[[ Data extracts, beginning ]]
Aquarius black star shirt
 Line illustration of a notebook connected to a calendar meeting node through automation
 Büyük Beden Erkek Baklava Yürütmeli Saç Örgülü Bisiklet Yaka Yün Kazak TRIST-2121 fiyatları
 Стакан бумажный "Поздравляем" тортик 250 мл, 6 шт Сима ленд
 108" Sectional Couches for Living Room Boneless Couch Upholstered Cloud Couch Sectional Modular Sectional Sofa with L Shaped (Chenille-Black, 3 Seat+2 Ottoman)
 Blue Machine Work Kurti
[[ Data extracts, end ]]
**Task description:**
Reproduce verbatim only the lines from the one holding "Line illustration of" through the end of the records.

**Answer area:**
 Line illustration of a notebook connected to a calendar meeting node through automation
 Büyük Beden Erkek Baklava Yürütmeli Saç Örgülü Bisiklet Yaka Yün Kazak TRIST-2121 fiyatları
 Стакан бумажный "Поздравляем" тортик 250 мл, 6 шт Сима ленд
 108" Sectional Couches for Living Room Boneless Couch Upholstered Cloud Couch Sectional Modular Sectional Sofa with L Shaped (Chenille-Black, 3 Seat+2 Ottoman)
 Blue Machine Work Kurti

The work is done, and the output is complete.